Problem: Restate the listing below word for word. No picture belongs in the result.

Collected data:
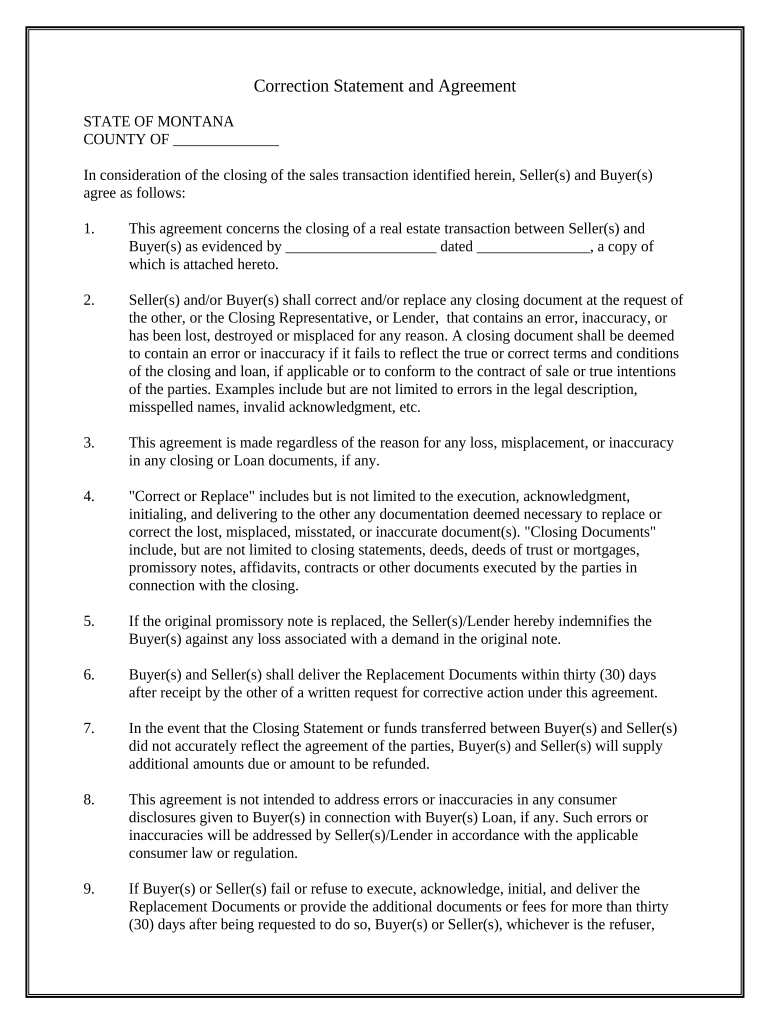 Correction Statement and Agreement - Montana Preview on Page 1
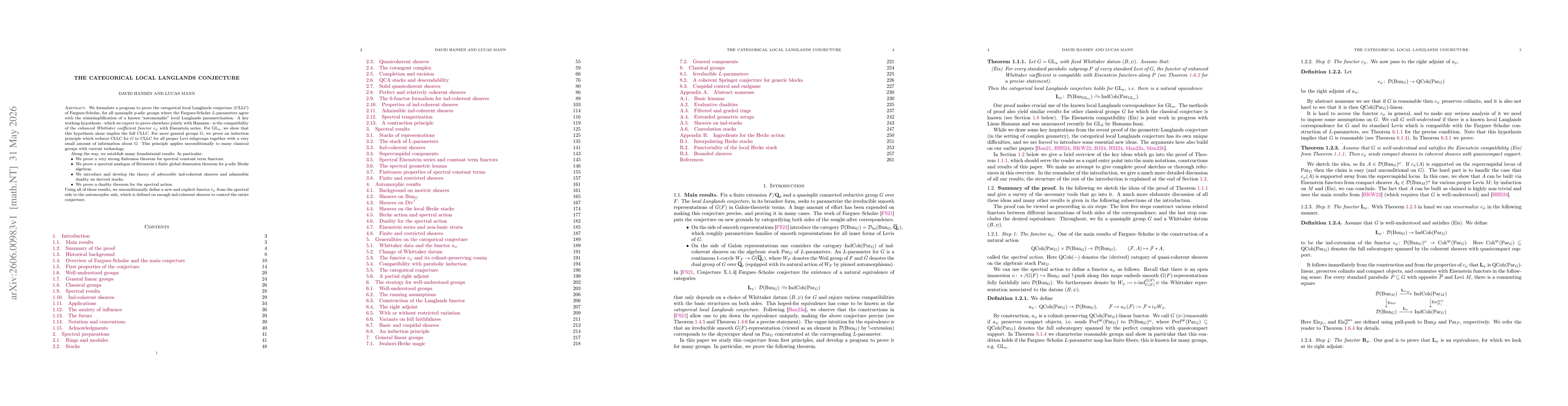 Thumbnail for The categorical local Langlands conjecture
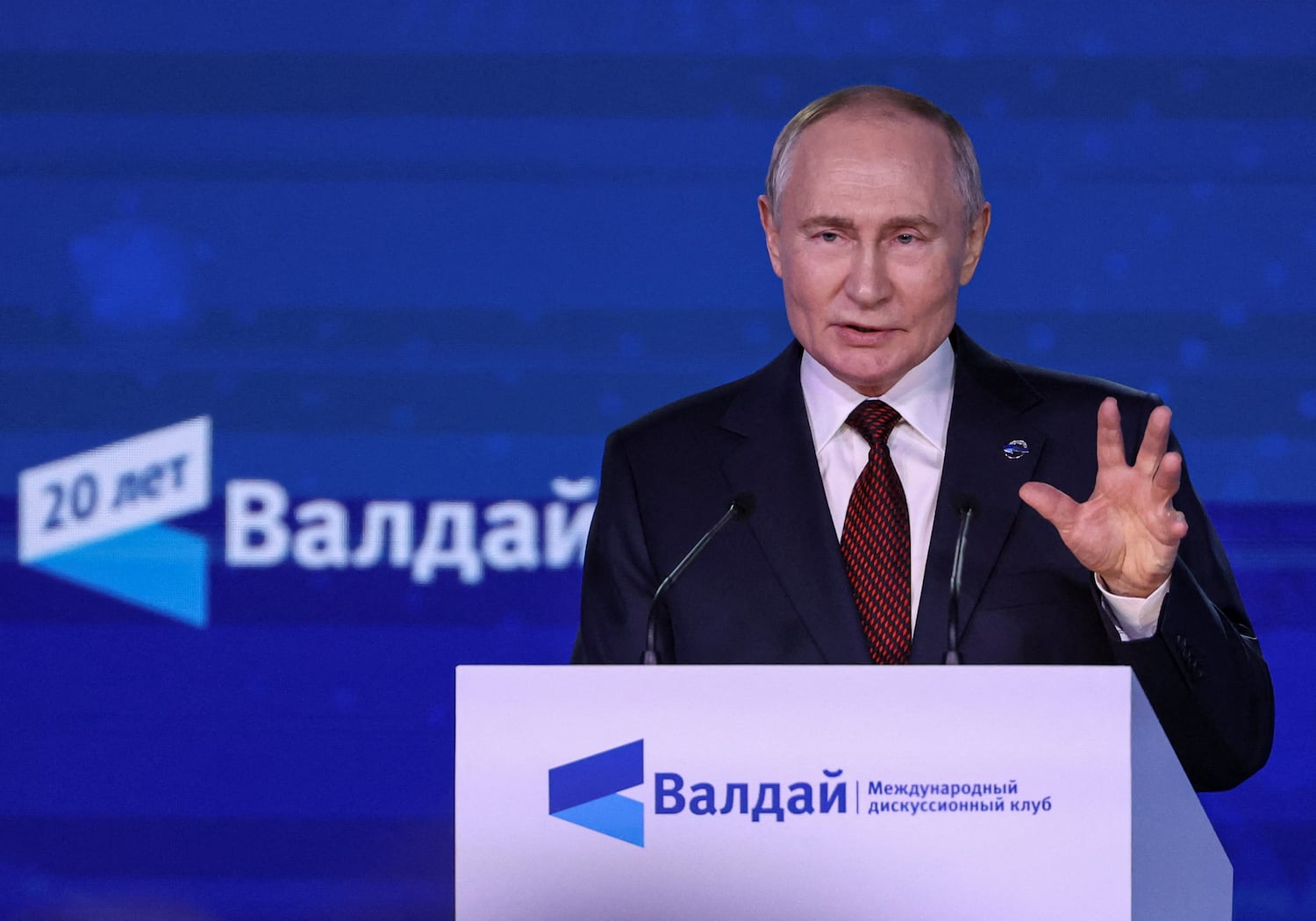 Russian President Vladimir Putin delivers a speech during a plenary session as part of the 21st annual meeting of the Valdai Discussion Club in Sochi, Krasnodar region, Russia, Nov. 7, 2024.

Solution to this exercise:
 Correction Statement and Agreement - Montana Preview on Page 1
 Thumbnail for The categorical local Langlands conjecture
 Russian President Vladimir Putin delivers a speech during a plenary session as part of the 21st annual meeting of the Valdai Discussion Club in Sochi, Krasnodar region, Russia, Nov. 7, 2024.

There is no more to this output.